DIRECTIONS:
Return a faithful copy of all the entries, omitting the images.

------ GIVEN DATA

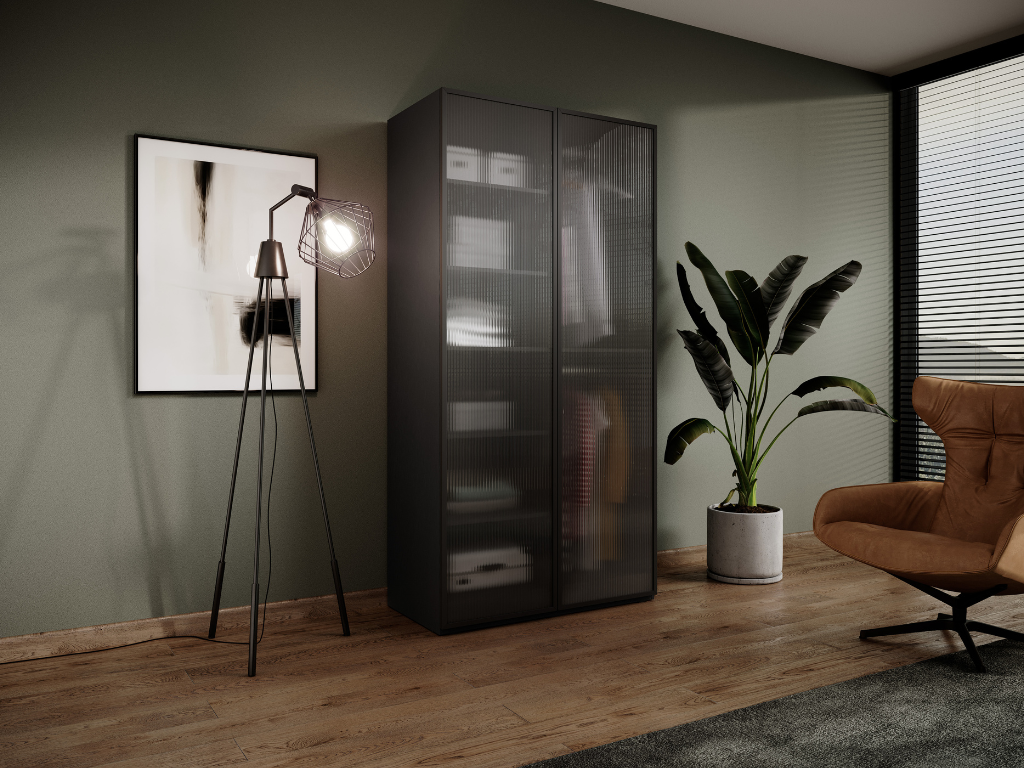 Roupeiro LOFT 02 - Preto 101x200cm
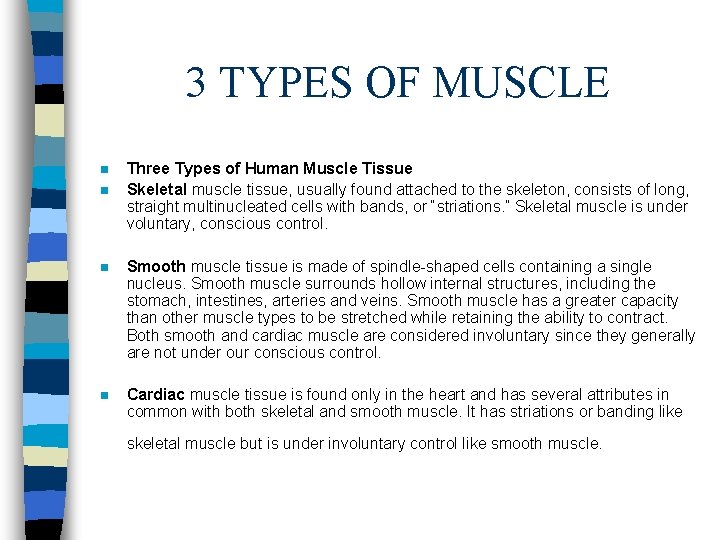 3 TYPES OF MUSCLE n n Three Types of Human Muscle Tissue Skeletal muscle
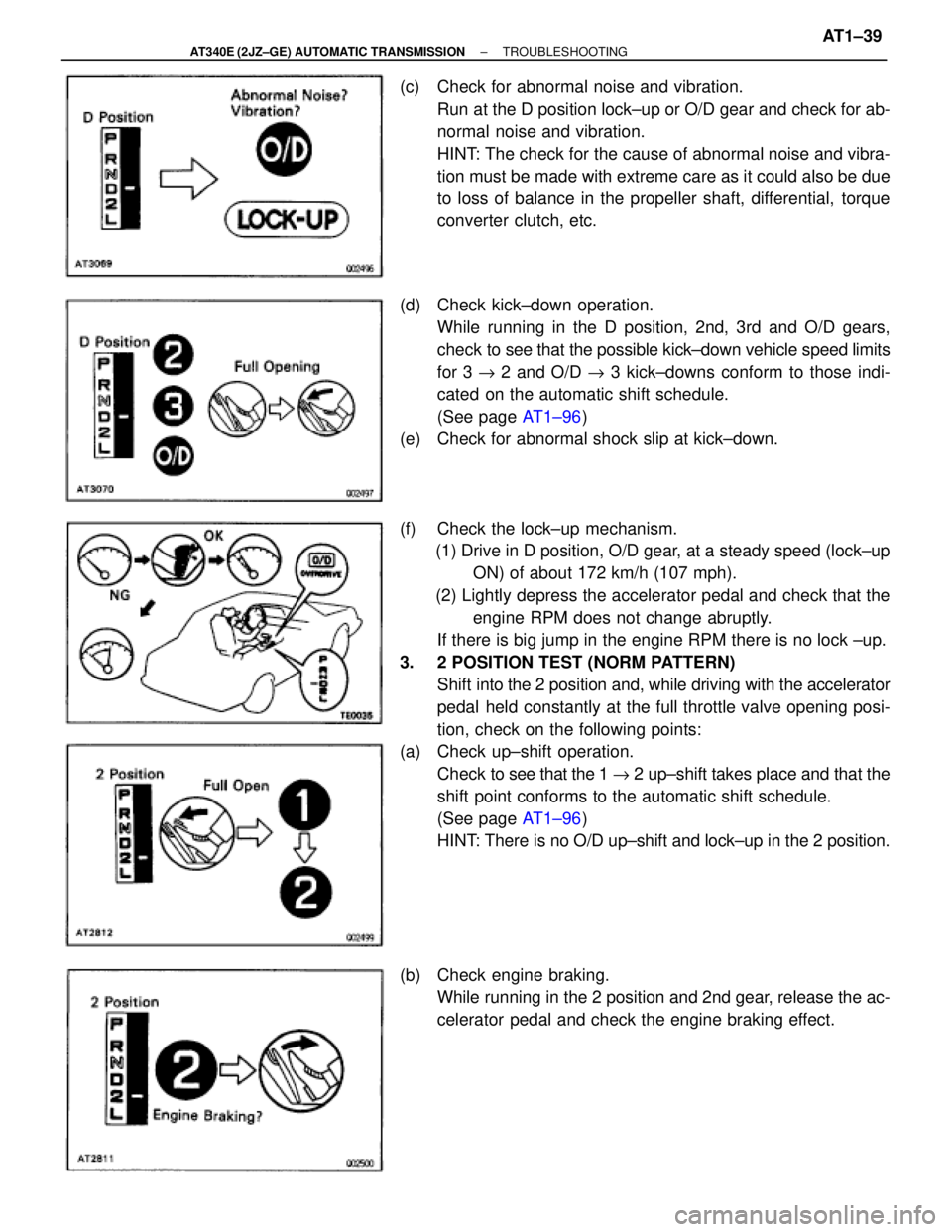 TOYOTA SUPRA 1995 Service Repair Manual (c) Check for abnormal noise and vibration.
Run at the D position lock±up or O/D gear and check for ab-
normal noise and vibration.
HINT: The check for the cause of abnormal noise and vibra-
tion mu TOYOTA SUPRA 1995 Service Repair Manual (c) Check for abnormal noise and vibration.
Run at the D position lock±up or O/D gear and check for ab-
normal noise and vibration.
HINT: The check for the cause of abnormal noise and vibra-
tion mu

------------

OUTPUT OF THE TASK:
 Roupeiro LOFT 02 - Preto 101x200cm
 3 TYPES OF MUSCLE n n Three Types of Human Muscle Tissue Skeletal muscle
 TOYOTA SUPRA 1995 Service Repair Manual (c) Check for abnormal noise and vibration.
Run at the D position lock±up or O/D gear and check for ab-
normal noise and vibration.
HINT: The check for the cause of abnormal noise and vibra-
tion mu TOYOTA SUPRA 1995 Service Repair Manual (c) Check for abnormal noise and vibration.
Run at the D position lock±up or O/D gear and check for ab-
normal noise and vibration.
HINT: The check for the cause of abnormal noise and vibra-
tion mu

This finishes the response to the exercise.